A question of boundaries

Question Time on BBC1 last night was more entertaining than usual, and quite good. Last of series, audience all under 22, and an 18-year old on the panel. A pantomime atmosphere at times. Douglas Murray, director of a unit of social cohesion or something - sounded good - was at points doing all he could to subvert social cohesion by his vehement manner of making points. A real pantomime baddie in the audience's eyes with plenty of appropriate booing! And Davina defending her position on one point 'because I'm right'! Great fun - meanwhile, one or two frighteningly bright students periodically helping raise the debate above Jerry Springer level.
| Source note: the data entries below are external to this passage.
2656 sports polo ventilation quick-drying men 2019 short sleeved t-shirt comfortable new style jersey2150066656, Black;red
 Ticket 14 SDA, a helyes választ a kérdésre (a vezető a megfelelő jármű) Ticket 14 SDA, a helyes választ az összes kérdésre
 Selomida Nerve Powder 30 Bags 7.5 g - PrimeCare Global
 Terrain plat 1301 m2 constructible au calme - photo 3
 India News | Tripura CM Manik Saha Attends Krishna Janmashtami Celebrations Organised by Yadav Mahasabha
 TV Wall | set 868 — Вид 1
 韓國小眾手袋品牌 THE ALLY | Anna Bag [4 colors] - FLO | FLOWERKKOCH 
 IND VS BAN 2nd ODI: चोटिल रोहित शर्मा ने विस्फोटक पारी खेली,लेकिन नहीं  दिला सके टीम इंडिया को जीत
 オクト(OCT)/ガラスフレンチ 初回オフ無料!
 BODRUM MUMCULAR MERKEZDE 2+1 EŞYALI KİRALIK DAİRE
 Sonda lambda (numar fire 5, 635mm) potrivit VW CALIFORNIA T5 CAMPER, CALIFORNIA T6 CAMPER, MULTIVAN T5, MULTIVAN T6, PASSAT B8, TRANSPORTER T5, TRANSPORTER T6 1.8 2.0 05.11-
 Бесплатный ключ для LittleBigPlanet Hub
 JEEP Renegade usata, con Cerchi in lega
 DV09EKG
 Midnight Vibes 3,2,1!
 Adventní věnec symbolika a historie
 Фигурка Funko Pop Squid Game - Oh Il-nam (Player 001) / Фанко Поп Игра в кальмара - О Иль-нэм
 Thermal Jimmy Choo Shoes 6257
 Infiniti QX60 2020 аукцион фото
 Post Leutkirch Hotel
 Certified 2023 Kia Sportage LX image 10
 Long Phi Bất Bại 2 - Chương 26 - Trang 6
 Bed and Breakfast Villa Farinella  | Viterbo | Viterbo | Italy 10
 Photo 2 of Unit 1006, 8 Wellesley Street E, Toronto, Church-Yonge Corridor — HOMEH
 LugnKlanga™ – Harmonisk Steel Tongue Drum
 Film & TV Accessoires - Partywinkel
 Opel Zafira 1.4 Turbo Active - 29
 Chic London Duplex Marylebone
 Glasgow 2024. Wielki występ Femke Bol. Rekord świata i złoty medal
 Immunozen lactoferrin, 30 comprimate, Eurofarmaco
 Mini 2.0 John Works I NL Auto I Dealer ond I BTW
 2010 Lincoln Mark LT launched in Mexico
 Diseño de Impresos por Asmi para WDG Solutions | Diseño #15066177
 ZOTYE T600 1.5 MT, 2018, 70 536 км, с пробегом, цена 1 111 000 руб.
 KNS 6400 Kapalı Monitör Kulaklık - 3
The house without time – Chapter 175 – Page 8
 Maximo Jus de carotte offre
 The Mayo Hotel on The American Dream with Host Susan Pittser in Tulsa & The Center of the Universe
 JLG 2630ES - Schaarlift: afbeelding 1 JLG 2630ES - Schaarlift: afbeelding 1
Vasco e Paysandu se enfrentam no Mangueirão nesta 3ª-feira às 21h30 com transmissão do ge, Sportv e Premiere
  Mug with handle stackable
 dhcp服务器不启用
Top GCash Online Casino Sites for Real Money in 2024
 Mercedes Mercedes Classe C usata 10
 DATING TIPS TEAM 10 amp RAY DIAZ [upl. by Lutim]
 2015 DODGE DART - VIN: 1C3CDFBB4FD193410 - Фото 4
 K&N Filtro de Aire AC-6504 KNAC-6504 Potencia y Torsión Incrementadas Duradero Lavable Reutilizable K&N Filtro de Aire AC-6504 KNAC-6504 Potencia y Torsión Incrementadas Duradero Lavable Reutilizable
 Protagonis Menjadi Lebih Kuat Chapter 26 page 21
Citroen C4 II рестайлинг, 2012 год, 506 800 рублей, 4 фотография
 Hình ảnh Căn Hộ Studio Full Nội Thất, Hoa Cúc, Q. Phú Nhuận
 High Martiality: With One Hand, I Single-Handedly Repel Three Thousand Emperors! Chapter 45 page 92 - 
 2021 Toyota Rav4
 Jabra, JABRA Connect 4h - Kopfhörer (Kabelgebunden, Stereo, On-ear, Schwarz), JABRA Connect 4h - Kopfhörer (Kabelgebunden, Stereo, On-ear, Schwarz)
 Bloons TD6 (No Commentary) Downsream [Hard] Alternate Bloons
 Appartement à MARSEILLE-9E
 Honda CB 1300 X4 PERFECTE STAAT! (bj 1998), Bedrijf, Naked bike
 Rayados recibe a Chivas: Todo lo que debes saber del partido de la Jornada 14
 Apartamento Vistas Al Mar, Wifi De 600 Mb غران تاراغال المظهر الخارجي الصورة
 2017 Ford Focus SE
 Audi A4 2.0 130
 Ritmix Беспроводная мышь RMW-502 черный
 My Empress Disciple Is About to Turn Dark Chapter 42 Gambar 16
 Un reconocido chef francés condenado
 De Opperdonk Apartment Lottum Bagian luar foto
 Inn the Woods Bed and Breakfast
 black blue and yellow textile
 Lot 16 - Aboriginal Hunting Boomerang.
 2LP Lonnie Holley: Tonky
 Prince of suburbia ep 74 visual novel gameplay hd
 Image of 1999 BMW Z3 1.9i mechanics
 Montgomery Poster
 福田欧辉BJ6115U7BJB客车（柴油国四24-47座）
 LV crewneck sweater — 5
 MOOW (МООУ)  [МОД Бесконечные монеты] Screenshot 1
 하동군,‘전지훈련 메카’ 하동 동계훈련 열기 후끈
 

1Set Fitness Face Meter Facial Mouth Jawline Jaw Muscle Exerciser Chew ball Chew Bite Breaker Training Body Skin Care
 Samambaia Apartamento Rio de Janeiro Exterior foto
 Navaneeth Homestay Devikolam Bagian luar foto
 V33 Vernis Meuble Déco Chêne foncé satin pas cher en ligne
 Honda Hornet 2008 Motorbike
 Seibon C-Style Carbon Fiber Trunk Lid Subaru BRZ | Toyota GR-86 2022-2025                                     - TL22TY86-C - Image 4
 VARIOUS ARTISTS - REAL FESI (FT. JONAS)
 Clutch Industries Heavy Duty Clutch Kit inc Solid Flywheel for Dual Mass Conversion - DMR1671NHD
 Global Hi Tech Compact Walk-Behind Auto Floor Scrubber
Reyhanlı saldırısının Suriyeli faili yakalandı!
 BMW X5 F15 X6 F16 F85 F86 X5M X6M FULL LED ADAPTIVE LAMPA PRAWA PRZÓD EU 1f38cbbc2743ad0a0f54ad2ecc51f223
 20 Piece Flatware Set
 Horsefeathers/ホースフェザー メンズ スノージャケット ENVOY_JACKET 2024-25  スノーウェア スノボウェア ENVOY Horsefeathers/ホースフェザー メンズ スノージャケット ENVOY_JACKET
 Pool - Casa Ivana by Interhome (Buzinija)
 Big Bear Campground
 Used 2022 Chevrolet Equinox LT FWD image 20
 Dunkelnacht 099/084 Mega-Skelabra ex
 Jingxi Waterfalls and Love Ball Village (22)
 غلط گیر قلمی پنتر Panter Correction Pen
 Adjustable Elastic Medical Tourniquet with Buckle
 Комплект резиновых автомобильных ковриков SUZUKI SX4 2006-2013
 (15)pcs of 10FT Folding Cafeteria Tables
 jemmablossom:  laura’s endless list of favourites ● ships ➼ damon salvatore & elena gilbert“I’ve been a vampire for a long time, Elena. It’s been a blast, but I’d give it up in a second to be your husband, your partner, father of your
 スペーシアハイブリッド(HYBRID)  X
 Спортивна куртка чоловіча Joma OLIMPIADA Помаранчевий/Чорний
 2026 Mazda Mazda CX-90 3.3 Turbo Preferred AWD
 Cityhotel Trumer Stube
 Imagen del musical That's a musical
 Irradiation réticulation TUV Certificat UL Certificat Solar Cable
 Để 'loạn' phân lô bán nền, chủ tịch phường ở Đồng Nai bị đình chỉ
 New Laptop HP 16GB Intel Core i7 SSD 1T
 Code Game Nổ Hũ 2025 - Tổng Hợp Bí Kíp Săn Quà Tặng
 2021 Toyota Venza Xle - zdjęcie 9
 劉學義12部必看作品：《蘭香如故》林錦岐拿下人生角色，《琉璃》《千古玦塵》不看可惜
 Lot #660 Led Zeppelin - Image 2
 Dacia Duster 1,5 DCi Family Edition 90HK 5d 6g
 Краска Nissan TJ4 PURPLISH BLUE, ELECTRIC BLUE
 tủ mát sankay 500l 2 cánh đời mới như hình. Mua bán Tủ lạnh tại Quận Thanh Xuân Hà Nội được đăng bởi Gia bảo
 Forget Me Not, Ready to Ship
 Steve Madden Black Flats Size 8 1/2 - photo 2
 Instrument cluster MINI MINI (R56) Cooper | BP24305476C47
A church friend has publicised a 'Rally against terror' in George Sq tomorrow pm. The blurb refers to the issue being about the terrorists on one side v. everyone else on the other, people of faith or no faith, from all walks of life. This echoes a sentiment often heard in politics and the media: a 'tiny violent minority' versus 'the vast majority of decent law-abiding citizens', or Blair/Brown refering to those 'who threaten our way of life'. What interests me is the contrast between this kind of thinking and the gospel challenge. The first looks at the surface of things: terrorist violence is plainly an atrocity. The second, God's perspective, is concerned with the heart. And here every one of us faces choice and challenge. How well does my life measure up to God's standard? CS Lewis's insight is pertinent here, when he said there are no 'ordinary' people, because each of us is ultimately immortal and on a path of inner choice leading progressively either to heaven or hell. Stark, no question, and challenges the underlying assumption of the above notion that most of us are basically okay: where are the boundary lines really drawn?